IGas has announced redundancies, including the chief finance officer, in a £1m cost-cutting programme.
Julian Tedder, who has held the finance post for five years, will step down next month. His responsibilities will transfer to the group financial controller.
The company is also giving up the lease on its London office in September 2020.
Earlier this year, the company warned in its annual accounts:
“should oil price or demand (and therefore revenue) fall further, the Company may not have sufficient funds available for 12 months from the date of approval of these financial statements.”
In a statement to investors today, IGas said it had cut annual costs of about £600,000 so far this year. But it was now undertaking further reductions to save about £1m.
The company said it also proposed to reduce benefits and replace 15% of the salary for almost all board members and senior executives with share options.
The statement said:
“These measures are expected to reduce costs by a further c. £1.0 million such that from end of September 2020, our gross cash savings as compared to 2019 are anticipated to be c. £1.6 million per annum. The one-off cost of implementing these measures is c. £550,000 and will be incurred in 2020.”
The chief executive, Stephen Bowler, said:
“Like many other organisations across all sectors of the economy, we need to preserve cash and however difficult the decision, these are unfortunately very necessary steps which we need to take to be as well placed as possible for the future.”
IGas shut in a number of sites nearly two months ago when oil was trading at $25 a barrel.

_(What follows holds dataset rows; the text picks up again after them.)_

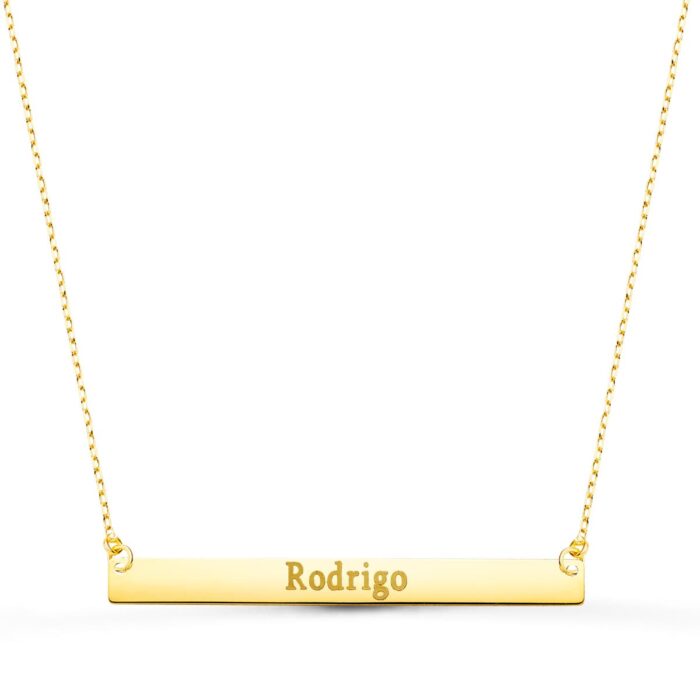 18K COLGANTE ORO AMARILLO PLACA CHAPA HORIZONTAL BRILLO 40X4 MM CADENA 44 2 CM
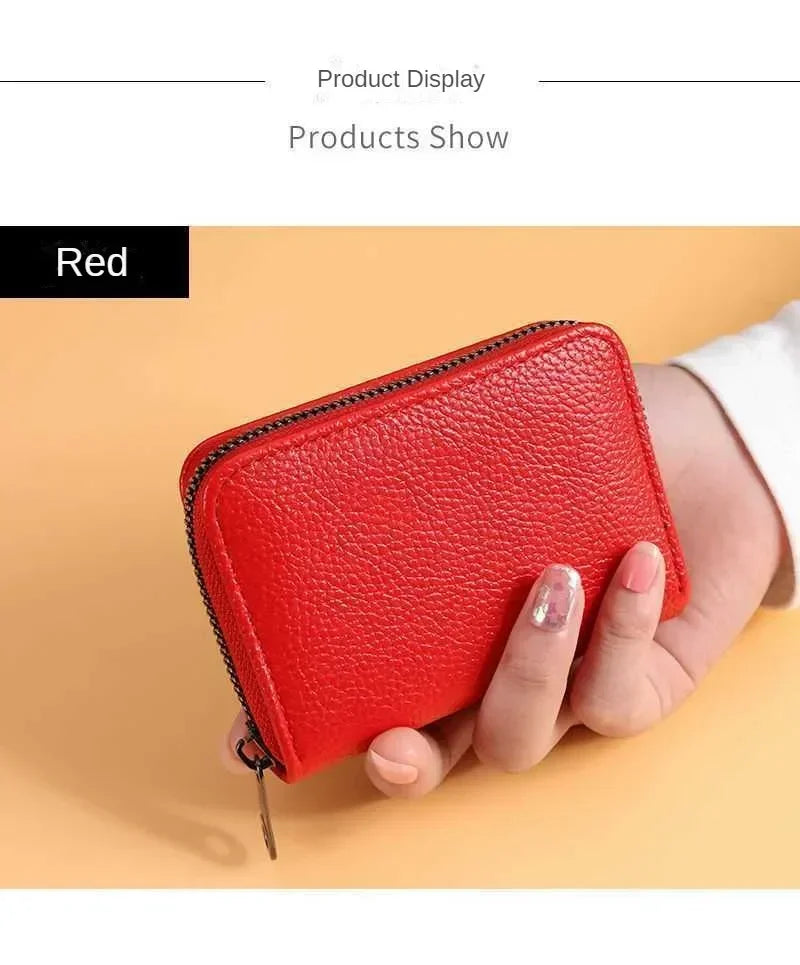 Multi Slot Card Holder Vintage Small Wallet Women Men Business Bank Credit Card Bag Male Coin Pouch Solid Leather Zipper Wallet - Smarsty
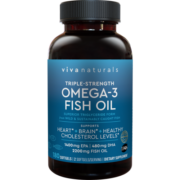 VivaNaturals深海鱼油高纯度3倍浓缩天然omega3欧米伽3软胶囊180粒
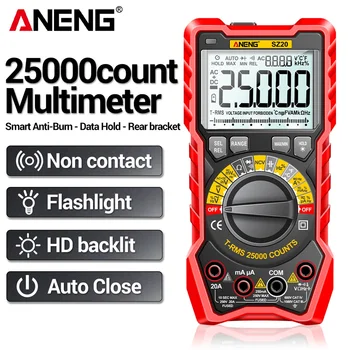 ANENG SZ20 산업 높은 정확한 25000 계산 자동 범위 차 멀티미터 NCV 스마트 Tester LCR 미터 Multimetro Multitester 도구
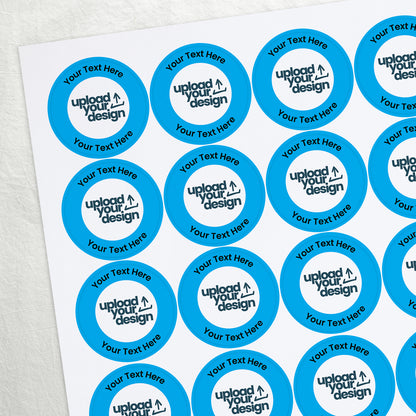 35 Upload Your Own Image Circle Stickers - Save the Date - 37mm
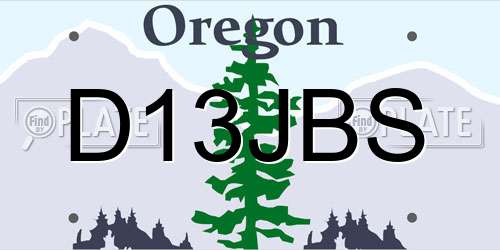 D13JBS Oregon License Plate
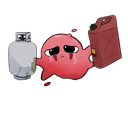 A pink blob with a sad, teary expression holding a grey propane tank and a red gas canister.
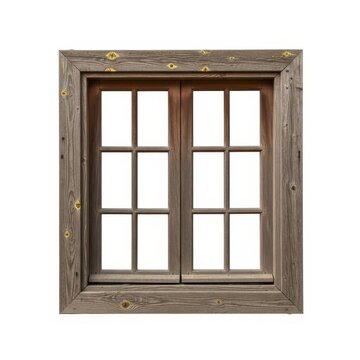 Wooden window frame isolated on white background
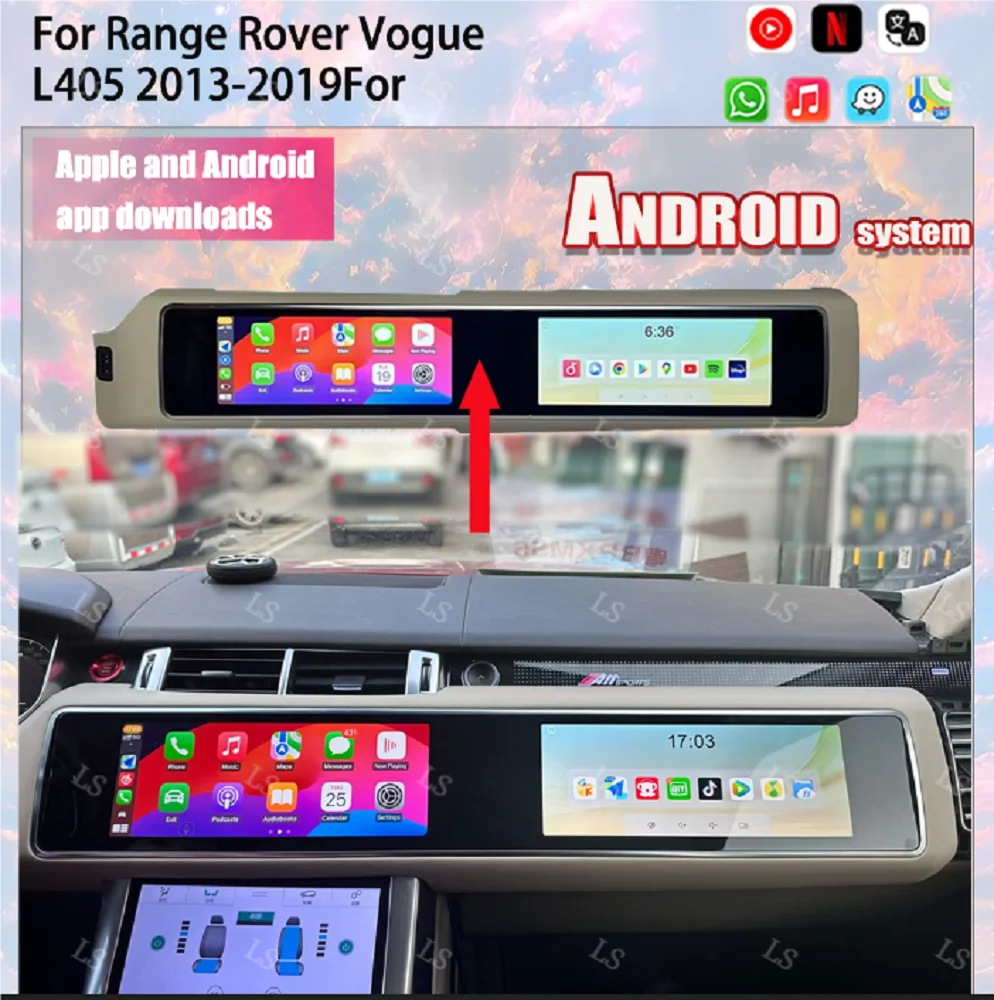 

12.3+12.3inch Dual Android Screen For Land Rover Range Rover Sport L494 2014-2019 Car Radio GPS Multimedia Video Player Carplay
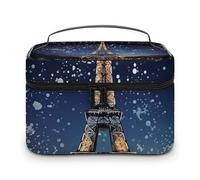 VFMKT Night Paris Eiffel Tragbare Reise Kosmetiktasche mit Reißverschluss für Damen, Night Paris Eiffel, 25 x 18 x 15 cm, Night Paris Eiffel, 25 x 18 x 15 cm, Night Paris Eiffel, 25x18x15cm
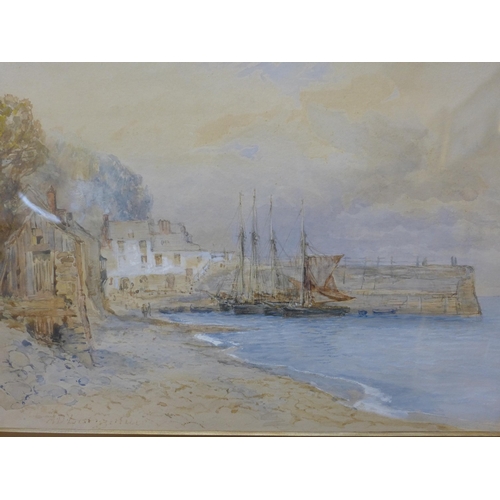 305 - English School, Quayside Boats, watercolour, indistinctly signed, framed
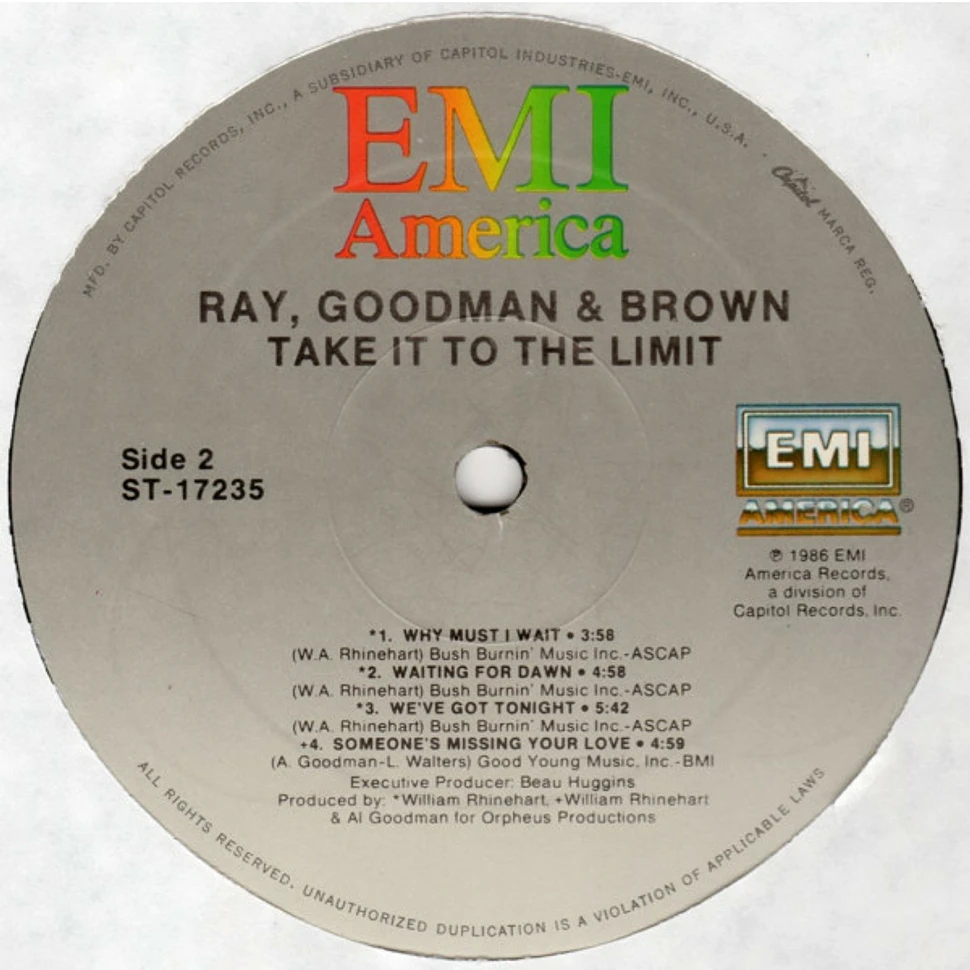 Ray, Goodman & Brown - Take It To The Limit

Nine IGas fields have resumed production following an improvement in the oil price, the company said today. Some staff, who had been furloughed, have returned to work.
But the company said a further six sites, as well as the Albury gas-to-grid operation, remained shut-in, accounting for 320 barrels of oil equivalent per day (boepd).

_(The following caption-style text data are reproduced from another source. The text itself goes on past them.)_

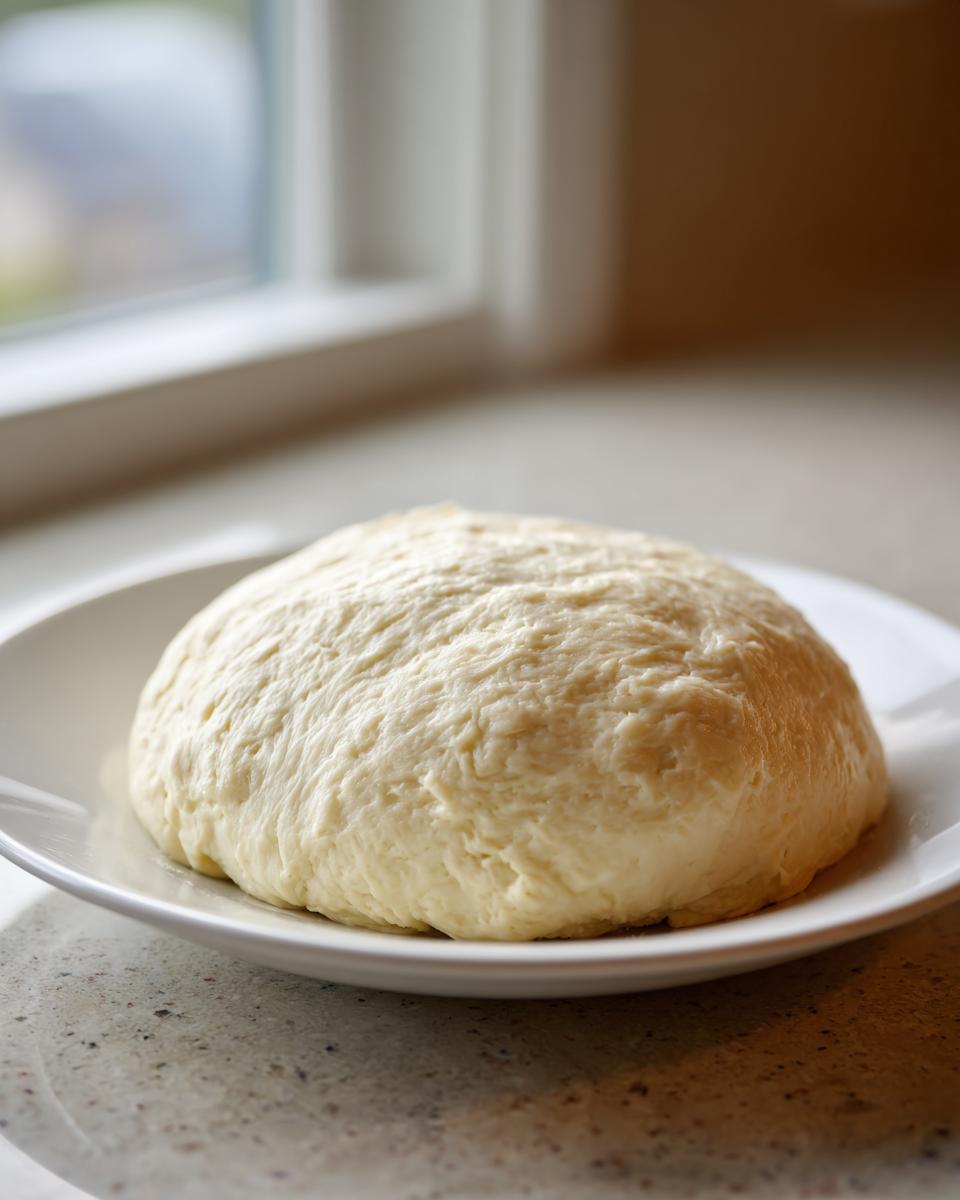 A smooth, pale mound of freshly prepared fufu dough resting on a white plate near a window.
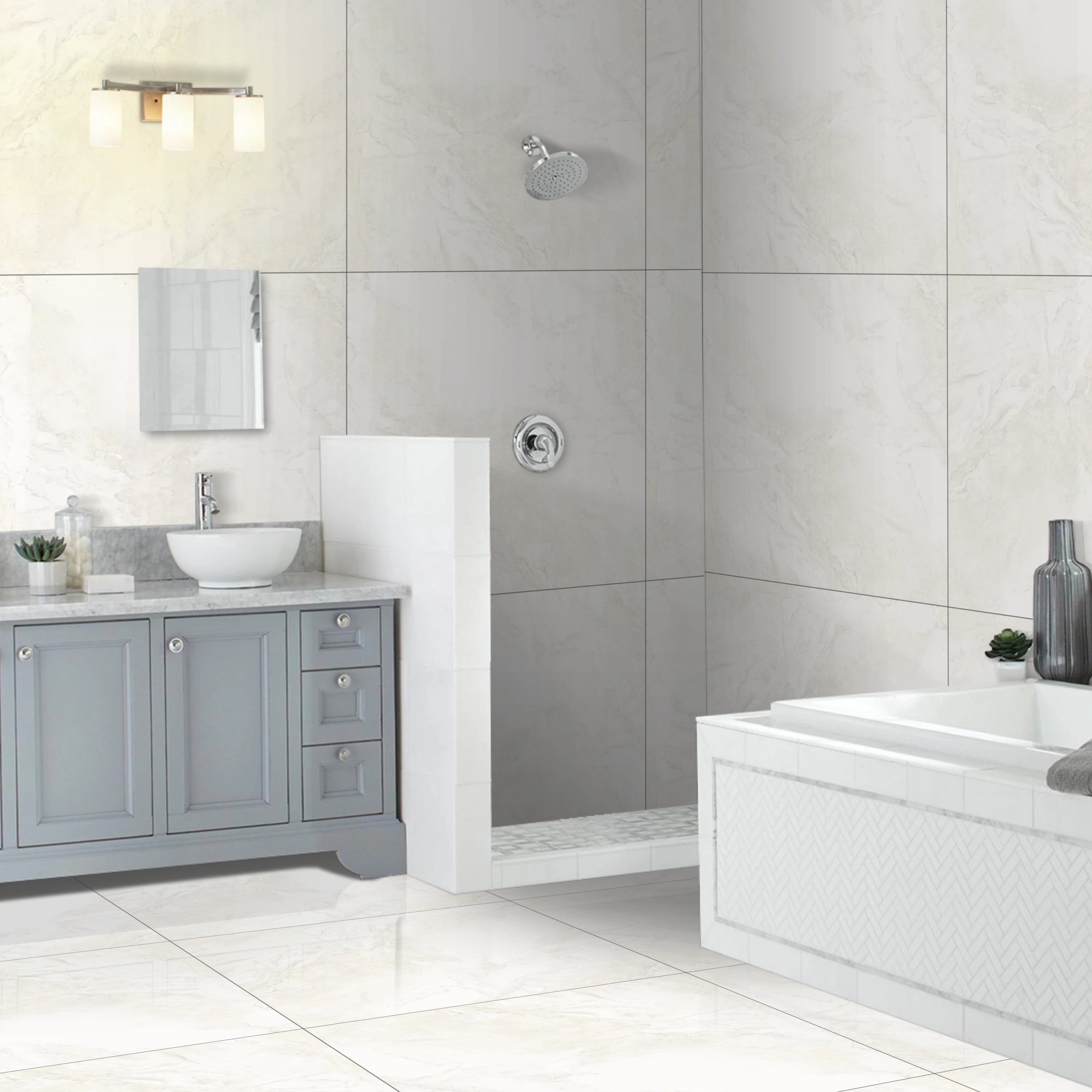 Neptune Cream Marble Polished Porcelain Wall Floor Tile 60x60cm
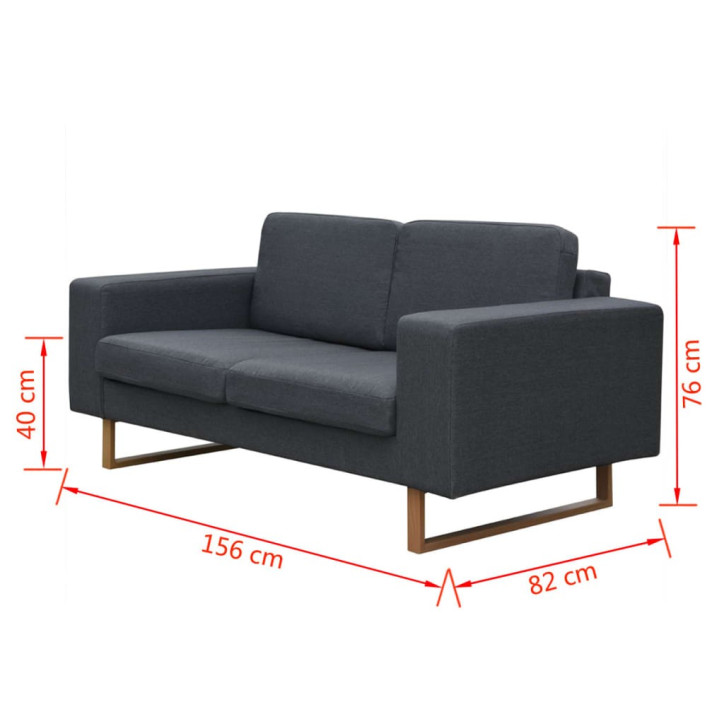 dvivietė medžiaginė sofa, tamsiai pilkos spalvos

The company said it continued to be affected by supply chain interruptions, constraints on the availability of resources and well servicing issues.
“We estimate that the resultant project delivery delays and lower productivity levels will have an annualised impact of c. 150 boepd.”
IGas also downgraded its annual production estimates. In April, it predicted that 2020 production would range from 2,250-2,450 boepd. It now stands at 1,850-2,050 boepd.